Heat in New York City-- the extreme unrelenting kind (not to downplay the life-threatening aspect) is a palpable adventure.  For those of us toughing it out without air conditioning, it feels like a matrix-- a kind of intangible airless box.  I can't help being reminded of the 1977 July blackout, when my neighborhood was not only without power for days, but without water. Yes, there was looting and some violence, but for the young, it was a kind of party... restaurants and bars at first giving away the contents of their refrigerators and freezers, drinking and partying in the streets.  By day three, it got old; the city stank of garbage and sewage.  At one point I hopped on a city bus which had its own little air conditioning system and rode all the way uptown.  I was living with a guitar player who continued to do acoustic gigs in clubs by candlelight with people drinking warm beer and soda from cans. It stretched time. 

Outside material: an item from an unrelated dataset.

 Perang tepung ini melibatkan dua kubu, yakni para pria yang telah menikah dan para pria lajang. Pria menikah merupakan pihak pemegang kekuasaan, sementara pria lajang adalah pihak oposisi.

I'm sweating through Joseph McElroy's Women and Men.. another of those challenging post-modern difficult mammoth novels. It's so large the contemporary reprinting was structurally unsound and retracted. Supposedly there's a two-volume version, but I'm coping with the original 1980's printing.  Difficult to carry around-- larger than my Organic Chemistry textbook all those years ago--  and nearly as dense.  It's also a quintessentially New York novel, written for the most part in the 1970's.  It occurs as I make my way that I'm going to be the last reading generation who will understand the context of these characters and their behaviors.  We read Shakespeare and older authors and there is a glossary at the back to explain words and expressions, but it occurs that in a few more decades, even the geography here-- the recent vintage urban references-- will require footnotes. 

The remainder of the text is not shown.